While on a recent vacation to Tybee Island, GA., we trekked up the outside stairs to our landlord’s deck at the top of the house. From there, you can see all over the island and out to various points in the Atlantic. While I was busy looking at my favorite beach spot, my husband was excitedly motioning at what he thought was a kumquat tree in the side yard. It was.
Their first response was a very eager, “Would you like some?” Apparently, the tree bears year round and after awhile they grow tired of them. She made kumquat wine once but the labor intensive project convinced her not to try again.
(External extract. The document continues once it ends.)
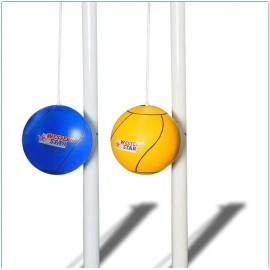 Western Star Tetherball Game Set - Soft-Touch Tether Ball With Durable Attached Rope - Indoor, Outdoor, Yard - 5 Colors - Easy Attach & Play - A Classic Family Outdoor Game For Kids (Pole)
I knew someone who would come up with a use for them and happily picked a bag of them. This solved my quandary about what to take to my brother and sister-in-law when we stopped at their farm on the way home.
Kumquats are often eaten whole — the rind is sweet and the center is sour. Culinary uses include candying and kumquat preserves, marmalade, and jelly. They can also be sliced and added to salads.
When we got to Va., I handed them off to my sis-in-law, Karen, knowing that she would come up with a creative use for them. Which she did. Several nights later, we had goat chops (they raise goats) with a kumquat-pineapple salsa. Of course, there is no recipe. She remembers throwing kumquats, pineapple and “some other stuff” into the blender. We then topped our goat chops with it.